▶ PROBLEM TO WORK ON: Everything from the line that contains "Certified 2025 Volvo XC90 B6 Plus image 11" through the last line of the listing must be copied exactly, with both of those lines included and no others.

▶ INFORMATION GIVEN:
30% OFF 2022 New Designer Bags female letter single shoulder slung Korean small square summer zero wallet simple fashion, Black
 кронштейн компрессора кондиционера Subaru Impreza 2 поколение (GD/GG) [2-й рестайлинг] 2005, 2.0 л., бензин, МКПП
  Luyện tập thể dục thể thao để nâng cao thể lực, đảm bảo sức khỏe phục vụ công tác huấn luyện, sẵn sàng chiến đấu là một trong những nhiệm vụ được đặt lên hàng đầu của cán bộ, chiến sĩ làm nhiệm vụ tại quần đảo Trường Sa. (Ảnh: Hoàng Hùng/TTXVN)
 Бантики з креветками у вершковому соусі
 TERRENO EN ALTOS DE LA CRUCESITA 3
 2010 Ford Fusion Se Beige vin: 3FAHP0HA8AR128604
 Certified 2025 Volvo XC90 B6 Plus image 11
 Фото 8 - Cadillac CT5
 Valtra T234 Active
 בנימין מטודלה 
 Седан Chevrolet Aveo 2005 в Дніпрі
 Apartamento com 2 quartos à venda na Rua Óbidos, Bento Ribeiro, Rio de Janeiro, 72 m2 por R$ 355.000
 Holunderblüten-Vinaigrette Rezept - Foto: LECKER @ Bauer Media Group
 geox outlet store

▶ SOLVED EXERCISE:
 Certified 2025 Volvo XC90 B6 Plus image 11
 Фото 8 - Cadillac CT5
 Valtra T234 Active
 בנימין מטודלה 
 Седан Chevrolet Aveo 2005 в Дніпрі
 Apartamento com 2 quartos à venda na Rua Óbidos, Bento Ribeiro, Rio de Janeiro, 72 m2 por R$ 355.000
 Holunderblüten-Vinaigrette Rezept - Foto: LECKER @ Bauer Media Group
 geox outlet store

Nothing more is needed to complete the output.